General Motors Co’s new Cadillac marketing chief believes it could take as long as a decade to build its reputation as a global luxury brand and for the moment plans to keep the brand’s advertising agency and focus on building its image in the U.S. and China.

Uwe Ellinghaus, a former marketing executive with German luxury automaker BMW AG will assume his duties on January 1, but was introduced this week as the person responsible for shaping Cadillac’s image around the world.

“I have a really, really realistic chance to establish Cadillac to what it never was, a really global premium brand that is on eye level with all the other premium competitors,” the 44-year-old executive said in an interview.

“Cadillac is today probably an admired brand and also well-liked brand but not a particularly — as we marketeers call it — relevant brand,” Ellinghaus, 44, said. “My biggest job is to explain to people why they should go for Cadillac, why it meets their daily requirements, why the expression of style is right for them.”

Ellinghaus’s hiring is part of efforts by Bob Ferguson, GM’s global Cadillac leader, to elevate the brand in the U.S. and China to compete at the level of BMW, Daimler AG’s Mercedes-Benz and Volkswagen AG’s Audi. New products, such as the redesigned Cadillac CTS that arrived in U.S. showrooms last month, have helped him.

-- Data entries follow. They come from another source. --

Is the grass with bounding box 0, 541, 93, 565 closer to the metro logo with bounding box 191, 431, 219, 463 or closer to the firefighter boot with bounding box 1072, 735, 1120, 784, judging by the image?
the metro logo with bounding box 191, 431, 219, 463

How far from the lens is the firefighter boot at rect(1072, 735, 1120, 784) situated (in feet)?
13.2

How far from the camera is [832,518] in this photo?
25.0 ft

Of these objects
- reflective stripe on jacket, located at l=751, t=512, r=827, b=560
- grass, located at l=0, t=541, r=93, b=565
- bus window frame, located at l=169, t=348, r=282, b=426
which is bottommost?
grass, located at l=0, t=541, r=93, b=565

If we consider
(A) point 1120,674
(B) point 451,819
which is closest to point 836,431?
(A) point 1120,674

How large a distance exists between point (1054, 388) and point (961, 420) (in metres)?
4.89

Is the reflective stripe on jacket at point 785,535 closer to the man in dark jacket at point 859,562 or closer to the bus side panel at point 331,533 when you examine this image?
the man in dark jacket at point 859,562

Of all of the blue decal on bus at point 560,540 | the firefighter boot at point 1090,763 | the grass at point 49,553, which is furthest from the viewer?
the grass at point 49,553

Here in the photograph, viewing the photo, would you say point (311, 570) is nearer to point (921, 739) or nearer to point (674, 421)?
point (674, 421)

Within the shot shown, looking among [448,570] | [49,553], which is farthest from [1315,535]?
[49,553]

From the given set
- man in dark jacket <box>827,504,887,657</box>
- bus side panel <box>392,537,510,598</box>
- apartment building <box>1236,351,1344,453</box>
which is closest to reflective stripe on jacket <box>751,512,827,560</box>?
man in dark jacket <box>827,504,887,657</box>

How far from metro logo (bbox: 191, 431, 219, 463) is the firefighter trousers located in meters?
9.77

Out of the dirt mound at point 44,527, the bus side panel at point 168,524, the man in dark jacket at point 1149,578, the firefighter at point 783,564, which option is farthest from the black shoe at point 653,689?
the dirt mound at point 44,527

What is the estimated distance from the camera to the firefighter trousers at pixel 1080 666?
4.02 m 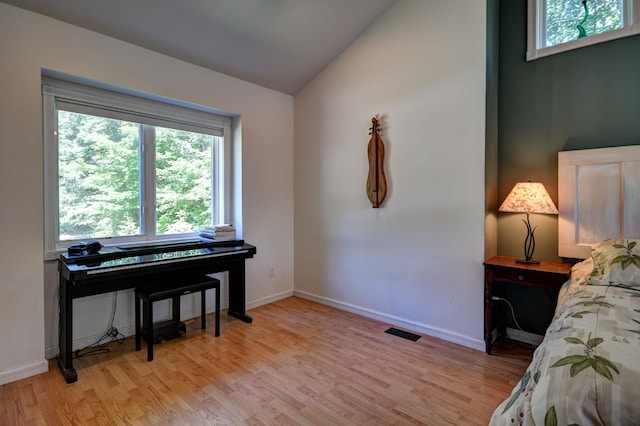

Cadillac sales globally fell 2 % last year to around 196,000 vehicles, but are up 30 % so far this year. Today nine of every 10 Cadillac sales take place in the United States and China.

“People know Cadillac, people like Cadillac, but they don’t find Cadillac always particularly relevant,” he said. “This is something that communication … can easily overcome. It just takes time.”

Ellinghaus, who was most recently a sales and marketing executive with Montblanc International, a maker of luxury pens, watches, jewelry and leather, said Cadillac has a strong history and great new vehicles to offer, including the CTS and ATS sedans, but lacks the “overarching message” to tie it all together.